Pursuant to respondent's regulations, 14 C.F.R. § 97.24 (1949), the Federal Rules of Civil Procedure, 28 U.S.C.A., govern in situations not otherwise provided for. Therefore, Rule 61 of the Federal Rules of Civil Procedure will govern here. Brown v. Prince, 10 Cir. 1947, 161 F.2d 537; Theater Realty Co. v. Aronberg-Fried Co., 8 Cir. 1936, 85 F.2d 383.
Finally petitioner contends that the order of the Board is void for lack of jurisdiction due to the fact that a statutory quorum did not hear oral argument. The statute provides that "three members shall constitute a quorum of the Board." It further provides that "* * * In all cases heard by an examiner or a single member the Board shall hear or receive argument on request of either party." Only two members were present at oral argument, a fact which was brought to petitioner's attention at the time but to which no objection was made. Petitioner now argues that the word "hear" means that in order that the quorum requirement be satisfied there must be actual presence of at least three members at the presentation of oral argument when it is requested. He further argues that the word "receive" applies only to those arguments which are submitted on brief where no oral discussion is requested. We do not so construe the Act. In the plain words of the statute the Board may "hear or receive" argument. This does not bind them to do it in any particular manner. They may do it in either one of the two ways stated, viz., hear it or receive it. If a quorum does not hear, the quorum requirement may still be met by having the requisite additional number receive. The record demonstrates that this is exactly what was done in this case before final decision was made. A quorum either heard or received argument either by being physically present or by reading the record and transcript. The statutory requirement was satisfied. Petitioner cannot complain of this practice.
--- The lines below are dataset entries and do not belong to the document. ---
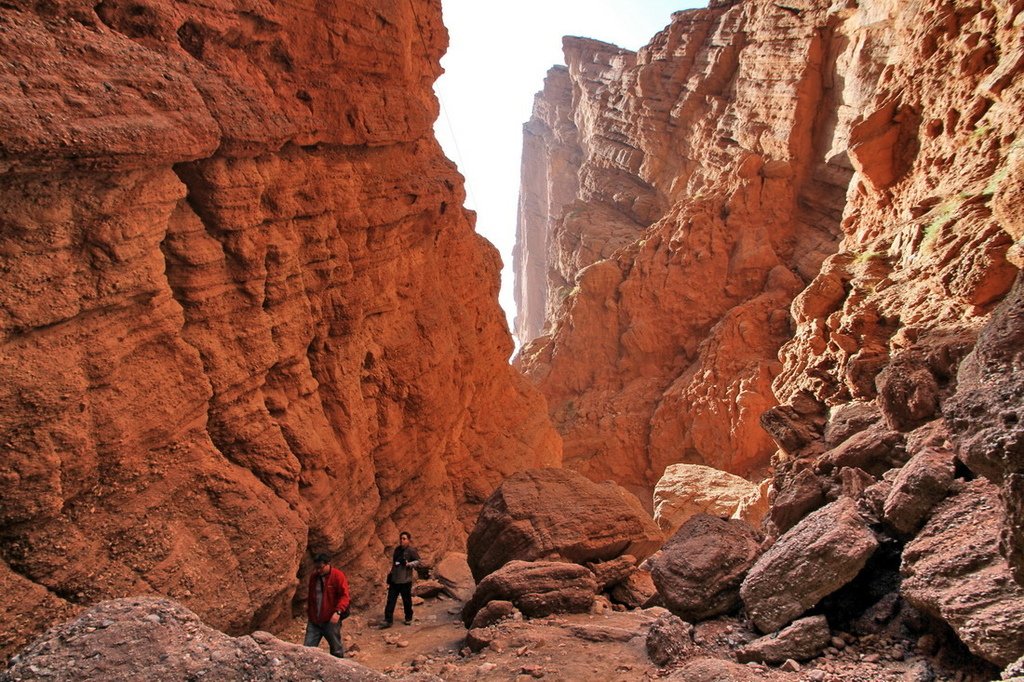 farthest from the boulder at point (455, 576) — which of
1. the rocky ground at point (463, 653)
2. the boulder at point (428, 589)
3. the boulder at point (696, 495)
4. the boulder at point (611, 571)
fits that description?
the boulder at point (696, 495)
52 Stat. 980, 49 U.S.C.A. § 421(d).
52 Stat. 1021, 49 U.S.C.A. § 644(a).
Semble, Eastland Co. v. Federal Communications Commission, 1937, 67 App. D.C. 316, 92 F.2d 467; certiorari denied 302 U.S. 735, 58 S.Ct. 120, 82 L.Ed. 568.
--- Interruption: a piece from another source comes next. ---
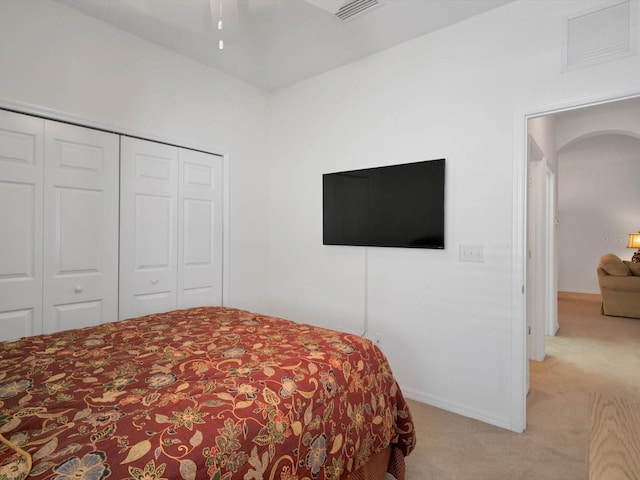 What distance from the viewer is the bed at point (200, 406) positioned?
922 millimetres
A careful reading of the record brings us to the conclusion that petitioner was afforded a full and fair hearing. There is no evidence on his behalf in the record. If he had an explanation he should have made it. He did not, and the record as it now stands presents a clear case for support of the administrative action taken.
Petition dismissed.
Circuit Judge PRETTYMAN concurs in the result.